Bryan Hipsher: Yes, sure. And as Anthony said, we’re looking to obviously finish out the year strong and build momentum into 2024, which we’ll get on and go through in detail in February. One of the key components and why we sit on in the strategy of pushing towards multiyear contracts again. John, I think you remember, we were less than 20% of our revenues were under multiyear contracts when we started. Now it’s up over 53%. Embedded in that, too, is natural price escalators. And so when you look at this year being closer to roughly 2% of price contributing from that perspective, stepping up north of that as we head into 2024, that kind of base book of business — those base price increases are really one of the things that give us continued confidence and really allow us to set on that path of continued acceleration of organic growth that we’ve been on.

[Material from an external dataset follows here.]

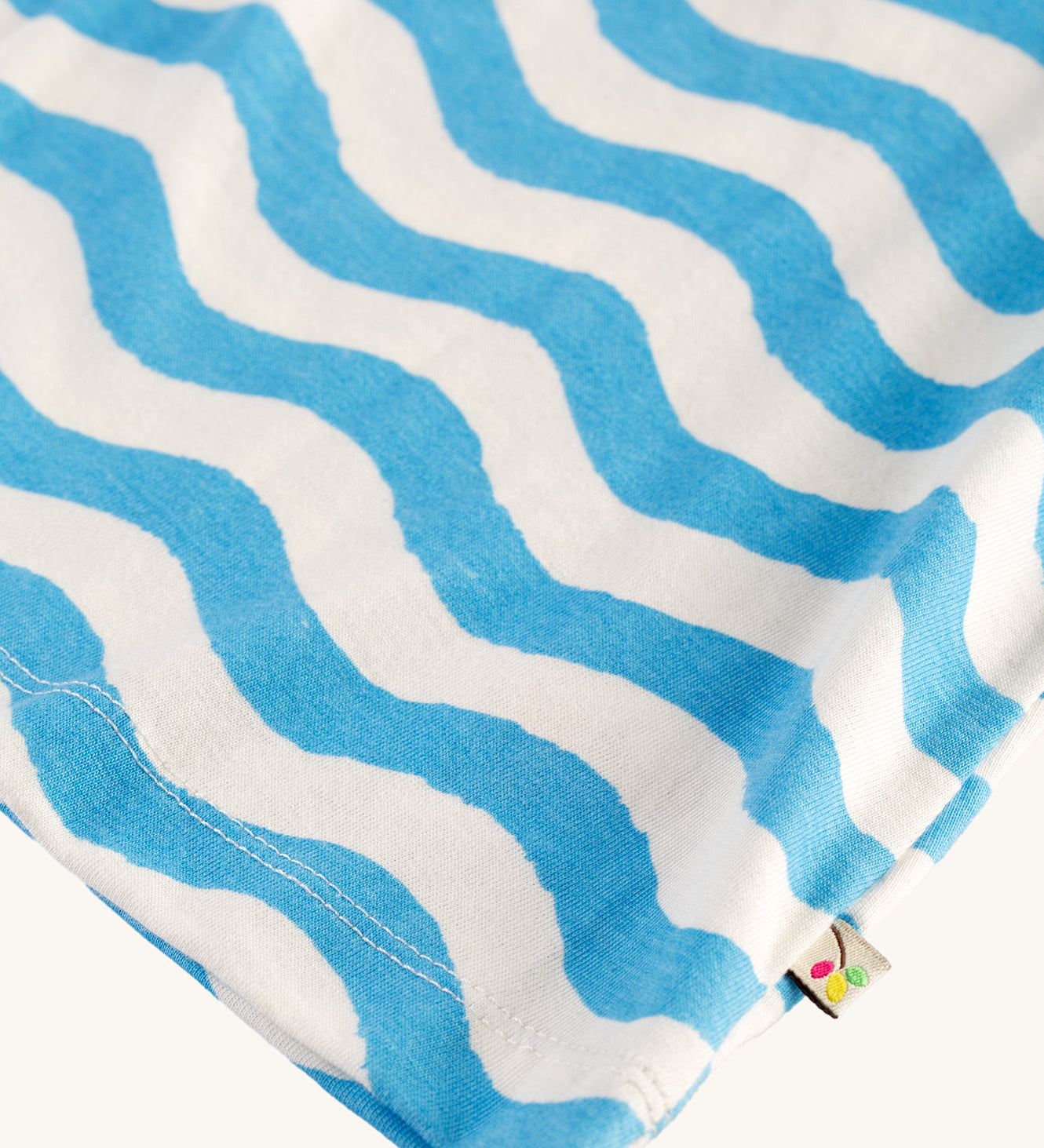 A closer view of the wave pattern on the Frugi Daisies Melody top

Operator: The next question comes from Andrew Steinerman of JPMorgan.
Alex Hess: This is Alex Hess, on for Andrew Steinerman. I want to turn to the balance sheet real quick and maybe what your adjusted interest expense implies. Can you remind us, is that an adjusted net interest expense guidance of $230 million or gross? And should we take the interest rate that’s implied for 4Q as sort of what you’ll be going forward now that you’ve refinanced the rate swap?
Bryan Hipsher: Yes, sure, Alex. So it is adjusted on a net basis. And so from that perspective, I think that is a pretty good run rate. We did the blend and extend on the $1 billion hedge in the quarter, which pushed that out from what was originally March ’24 date to March 2025. And so when you think about heading through next year, what kind of rates where they’re projected to be, that’s going to leave us in a pretty consistent position from that perspective.
Operator: The next question comes from Manav Patnaik of Barclays.
Ronan Kennedy: This is Ronan Kennedy, on for Manav. One of your Sales and Marketing competitors talked about a still challenged environment, where sales in the new cycle is going in to 1Q ’24 is likely to remain tough. Could you please expand on what you’re seeing in S&M in addition to the prepared remarks. But also overall, how much of your renewals occur in 4Q, 1Q? And how heavy are new sales in these quarters, too, as well, please?